Find the parts of the z-plane for which the following series is convergent:

∑[(1/n!)(z^n)] where n runs from 0 to ∞

Changing variables as 1/n=t,the limit becomes (1/R)=Lt(t->0) [(t!)^t]
I am having the limit as 1 and hence,R=1...but the book says Since
[(n!)^(1/n)] behaves like n as n → ∞ we find lim[(1/n!)^(1/n)] = 0. Hence R = ∞ and the series is convergent for all z

#### kolahalb

Joined Sep 25, 2007
6
I resolved the problem in this manner: (1/n!) falls at a much faster rate than that of (1/n).As a result the function is decreasing all the way starting from the highest value one and always being positive.If you draw a graph,the curve should tend to zero as n tends to infinity...

#### DMaiorca

Joined Oct 15, 2007
1
I think I spotted your error:

Changing variables as 1/n=t,the limit becomes (1/R)=Lt(t->0) [(t!)^t]

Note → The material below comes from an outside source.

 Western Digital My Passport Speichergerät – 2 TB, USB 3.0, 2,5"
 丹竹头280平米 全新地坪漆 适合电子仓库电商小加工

In actuality, the sub should have been (1/R)=Lt(1/t->0) [(t!)^t]

Its the simple stuff that always messes with me, too!

Joined May 1, 2007
19
I stumbled at the answer of a problem solved in Reily-Hobson-Bence.Please check if I am wrong:

Find the parts of the z-plane for which the following series is convergent:

∑[(1/n!)(z^n)] where n runs from 0 to ∞

Changing variables as 1/n=t,the limit becomes (1/R)=Lt(t->0) [(t!)^t]
I am having the limit as 1 and hence,R=1...but the book says Since
[(n!)^(1/n)] behaves like n as n → ∞ we find lim[(1/n!)^(1/n)] = 0. Hence R = ∞ and the series is convergent for all z
hey kolahalb

your series does indeed converge everywhere in the complex numbers. it is just exp(z). obviously (1/n!) tends to zero and so a-fortiori its n-th root tends to zero. hence 1/R = 0 and R is infinite.

note incidentally that (1/n!) is 1/(n!) and not (1/n)! the latter is undefined for n<>1 [what is (1/2)! for example?]

peace
stm